Oggi non è così. Certo, ci sono associazioni umanitarie come Amnesty International che non si arrendono, vi sono gruppi di base attivi sui social, ma i partiti hanno altro a cui pensare. Le penne al servizio del potente di turno, danno lezioni di realismo diplomatico sulle prime pagine dei giornali che pesano (anche se sempre meno).
Sì, Erdogan e al-Sisi saranno pure dei brutali autocrati, sì, sarà pure vero che sotto il regime del presidente-generale egiziano i desaparecidos, oltre 40mila ed è una stima in difetto, hanno superato quelli del periodo della dittatura fascista dei generali in Argentina. E sarà pure vero che da anni, le autorità egiziane hanno ucciso per la seconda volta Giulio Regeni, impedendo di fare verità e giustizia sul suo brutale assassinio, u assassinio di Stato. E magari Erdogan avrà esagerato nel cacciare oltre 100mila funzionari pubblici, insegnanti, accademici, in nome di una sicurezza nazionale che coincide con la sicurezza sua e del suo regime.
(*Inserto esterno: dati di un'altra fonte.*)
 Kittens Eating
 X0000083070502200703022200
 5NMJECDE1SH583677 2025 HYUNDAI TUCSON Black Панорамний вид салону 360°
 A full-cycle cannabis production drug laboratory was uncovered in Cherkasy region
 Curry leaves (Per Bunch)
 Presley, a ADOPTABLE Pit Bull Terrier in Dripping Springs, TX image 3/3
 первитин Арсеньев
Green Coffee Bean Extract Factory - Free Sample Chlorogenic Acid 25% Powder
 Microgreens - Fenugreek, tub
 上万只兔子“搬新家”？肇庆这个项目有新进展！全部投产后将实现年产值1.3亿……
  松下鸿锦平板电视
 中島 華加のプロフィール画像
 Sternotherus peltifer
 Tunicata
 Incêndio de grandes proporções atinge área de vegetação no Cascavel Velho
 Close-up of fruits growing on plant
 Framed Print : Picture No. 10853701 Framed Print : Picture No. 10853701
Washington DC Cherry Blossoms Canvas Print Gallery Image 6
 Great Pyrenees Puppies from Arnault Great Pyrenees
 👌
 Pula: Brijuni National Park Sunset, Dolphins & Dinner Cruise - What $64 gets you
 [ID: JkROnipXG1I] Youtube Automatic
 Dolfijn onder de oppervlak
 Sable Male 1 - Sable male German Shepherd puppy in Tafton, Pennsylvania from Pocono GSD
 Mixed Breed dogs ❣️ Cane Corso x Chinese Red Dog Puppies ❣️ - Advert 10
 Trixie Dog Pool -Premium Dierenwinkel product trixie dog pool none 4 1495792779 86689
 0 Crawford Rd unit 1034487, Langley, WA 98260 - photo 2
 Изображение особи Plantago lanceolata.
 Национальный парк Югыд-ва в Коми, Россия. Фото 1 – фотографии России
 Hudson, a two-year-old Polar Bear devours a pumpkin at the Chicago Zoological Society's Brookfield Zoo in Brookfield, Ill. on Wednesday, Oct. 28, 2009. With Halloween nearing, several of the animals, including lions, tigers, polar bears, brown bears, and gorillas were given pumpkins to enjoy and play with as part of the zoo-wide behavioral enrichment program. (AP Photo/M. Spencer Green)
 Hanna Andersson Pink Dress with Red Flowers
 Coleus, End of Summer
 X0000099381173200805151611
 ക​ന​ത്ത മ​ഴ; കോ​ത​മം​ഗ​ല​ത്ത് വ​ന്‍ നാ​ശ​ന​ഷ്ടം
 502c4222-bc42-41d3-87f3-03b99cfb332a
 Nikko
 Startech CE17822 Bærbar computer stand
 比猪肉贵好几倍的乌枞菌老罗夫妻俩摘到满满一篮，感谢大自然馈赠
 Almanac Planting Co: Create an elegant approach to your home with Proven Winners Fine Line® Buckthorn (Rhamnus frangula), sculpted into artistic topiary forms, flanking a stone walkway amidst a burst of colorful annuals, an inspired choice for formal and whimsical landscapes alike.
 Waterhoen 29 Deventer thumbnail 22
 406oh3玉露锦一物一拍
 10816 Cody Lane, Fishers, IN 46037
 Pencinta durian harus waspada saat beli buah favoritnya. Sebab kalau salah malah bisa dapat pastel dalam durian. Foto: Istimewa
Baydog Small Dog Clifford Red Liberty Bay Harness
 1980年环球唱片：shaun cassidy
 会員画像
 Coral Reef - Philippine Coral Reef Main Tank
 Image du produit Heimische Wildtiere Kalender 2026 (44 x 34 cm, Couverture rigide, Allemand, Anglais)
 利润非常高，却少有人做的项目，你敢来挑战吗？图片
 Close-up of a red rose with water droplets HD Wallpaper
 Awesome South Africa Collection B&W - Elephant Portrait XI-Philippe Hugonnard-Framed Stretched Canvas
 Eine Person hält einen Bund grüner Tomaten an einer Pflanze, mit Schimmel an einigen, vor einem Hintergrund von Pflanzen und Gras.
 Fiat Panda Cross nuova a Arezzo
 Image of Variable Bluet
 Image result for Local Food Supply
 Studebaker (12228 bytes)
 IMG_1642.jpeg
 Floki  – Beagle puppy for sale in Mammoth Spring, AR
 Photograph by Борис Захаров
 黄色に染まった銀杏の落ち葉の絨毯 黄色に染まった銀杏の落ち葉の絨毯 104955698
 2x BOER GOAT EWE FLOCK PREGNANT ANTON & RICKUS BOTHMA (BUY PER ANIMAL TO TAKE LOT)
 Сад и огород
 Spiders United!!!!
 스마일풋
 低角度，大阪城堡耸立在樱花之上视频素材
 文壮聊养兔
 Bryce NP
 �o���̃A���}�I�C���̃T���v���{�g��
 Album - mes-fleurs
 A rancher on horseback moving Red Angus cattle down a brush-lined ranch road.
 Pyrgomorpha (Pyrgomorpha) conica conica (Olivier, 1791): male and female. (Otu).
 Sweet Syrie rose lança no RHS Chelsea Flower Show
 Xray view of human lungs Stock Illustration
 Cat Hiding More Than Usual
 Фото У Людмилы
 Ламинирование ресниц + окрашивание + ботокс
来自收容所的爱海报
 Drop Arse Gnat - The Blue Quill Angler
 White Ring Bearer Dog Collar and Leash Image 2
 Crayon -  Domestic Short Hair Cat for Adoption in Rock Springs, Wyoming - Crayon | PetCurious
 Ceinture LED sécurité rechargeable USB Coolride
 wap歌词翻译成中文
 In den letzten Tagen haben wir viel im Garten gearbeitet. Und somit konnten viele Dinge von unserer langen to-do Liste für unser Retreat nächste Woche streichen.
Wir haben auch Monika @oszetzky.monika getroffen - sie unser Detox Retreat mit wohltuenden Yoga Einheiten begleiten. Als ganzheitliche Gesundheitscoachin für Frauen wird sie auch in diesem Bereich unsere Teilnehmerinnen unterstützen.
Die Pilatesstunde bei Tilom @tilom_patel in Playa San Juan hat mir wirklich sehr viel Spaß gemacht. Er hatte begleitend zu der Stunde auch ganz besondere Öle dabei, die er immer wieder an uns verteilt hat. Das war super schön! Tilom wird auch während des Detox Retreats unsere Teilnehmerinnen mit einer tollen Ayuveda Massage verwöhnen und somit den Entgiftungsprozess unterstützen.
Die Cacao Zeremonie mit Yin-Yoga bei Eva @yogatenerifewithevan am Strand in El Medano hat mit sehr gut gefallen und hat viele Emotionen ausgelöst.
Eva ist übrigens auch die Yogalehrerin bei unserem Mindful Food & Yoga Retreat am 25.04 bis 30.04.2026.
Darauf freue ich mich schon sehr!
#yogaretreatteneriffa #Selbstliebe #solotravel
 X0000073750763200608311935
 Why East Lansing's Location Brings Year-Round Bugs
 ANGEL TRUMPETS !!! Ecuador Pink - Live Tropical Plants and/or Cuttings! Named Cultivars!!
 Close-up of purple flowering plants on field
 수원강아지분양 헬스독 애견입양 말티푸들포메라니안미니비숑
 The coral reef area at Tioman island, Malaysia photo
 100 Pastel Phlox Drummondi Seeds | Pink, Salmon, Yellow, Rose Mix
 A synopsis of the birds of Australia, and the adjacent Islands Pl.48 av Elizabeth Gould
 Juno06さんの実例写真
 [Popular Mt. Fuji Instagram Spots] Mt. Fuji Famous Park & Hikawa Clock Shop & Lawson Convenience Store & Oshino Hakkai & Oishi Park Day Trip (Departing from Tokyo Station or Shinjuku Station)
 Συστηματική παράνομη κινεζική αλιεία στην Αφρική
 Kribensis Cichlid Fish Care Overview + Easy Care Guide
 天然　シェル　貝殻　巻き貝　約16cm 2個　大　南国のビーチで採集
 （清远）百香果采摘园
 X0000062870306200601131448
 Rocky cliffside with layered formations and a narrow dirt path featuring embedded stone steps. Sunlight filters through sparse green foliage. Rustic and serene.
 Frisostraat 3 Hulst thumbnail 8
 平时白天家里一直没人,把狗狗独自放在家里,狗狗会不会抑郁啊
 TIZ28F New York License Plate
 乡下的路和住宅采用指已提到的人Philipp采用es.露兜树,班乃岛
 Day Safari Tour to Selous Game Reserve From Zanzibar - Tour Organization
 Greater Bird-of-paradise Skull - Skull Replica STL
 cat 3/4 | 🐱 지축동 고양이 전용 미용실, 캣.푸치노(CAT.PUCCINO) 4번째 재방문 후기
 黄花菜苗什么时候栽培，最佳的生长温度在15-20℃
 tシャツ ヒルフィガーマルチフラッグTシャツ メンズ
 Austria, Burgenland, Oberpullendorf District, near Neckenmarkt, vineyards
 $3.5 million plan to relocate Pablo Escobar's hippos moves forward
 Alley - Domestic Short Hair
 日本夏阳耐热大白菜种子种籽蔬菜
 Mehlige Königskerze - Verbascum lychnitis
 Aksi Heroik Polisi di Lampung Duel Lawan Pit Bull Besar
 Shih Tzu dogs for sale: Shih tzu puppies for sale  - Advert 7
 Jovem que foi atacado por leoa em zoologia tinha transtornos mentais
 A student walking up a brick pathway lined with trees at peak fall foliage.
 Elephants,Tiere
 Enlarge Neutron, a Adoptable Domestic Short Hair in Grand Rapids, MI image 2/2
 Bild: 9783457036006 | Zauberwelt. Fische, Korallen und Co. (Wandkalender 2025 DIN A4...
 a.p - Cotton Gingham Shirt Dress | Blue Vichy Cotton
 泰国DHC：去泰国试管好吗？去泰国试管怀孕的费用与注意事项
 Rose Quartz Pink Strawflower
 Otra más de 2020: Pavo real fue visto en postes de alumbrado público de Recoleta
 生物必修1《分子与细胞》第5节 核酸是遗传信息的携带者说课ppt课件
Ma, dicono i soloni senza coscienza, la Turchia e l’Egitto sono Paesi fondamentali per stabilizzare la Sponda Sud del Mediterraneo e il Medio Oriente (peraltro una falsità, come dimostra la Libia), e con essi dobbiamo mantenere solide relazioni. E chi sostiene il contrario, è un’”anima bella”, un povero illuso.
La tragedia è che questo insano realismo ha sfondato anche a sinistra o quella che è. Certo, per qualche giorno, si può “tifare” per le belle combattenti curde, invitarne qualcuna nei salotti televisivi, e sai quanto spaventa questa esibizione mediatica il fascista del Bosforo…Un tempo, neanche troppo lontano, c’era uno slogan che raccontava una generazione: siate realisti, chiedete l’impossibile. Quell’impossibile era un mondo senza più sfruttati, un mondo in cui ogni popolo aveva diritto all’autodeterminazione, come il popolo palestinese. Altri tempi, si dirà.
E’ vero. Ma oggi è chiedere l’”impossibile” sanzionare il fascista del Bosforo? Lo chiediamo anzitutto a chi ha responsabilità di Governo e si proclama democratico e di sinistra. Ma se per voi è troppo, se stare al Governo significa essere iper realisti, e genuflettersi ai piedi di un Erdogan o un al-Sisi, almeno risparmiateci le lacrime di coccodrillo in morte di Ebru Timkik.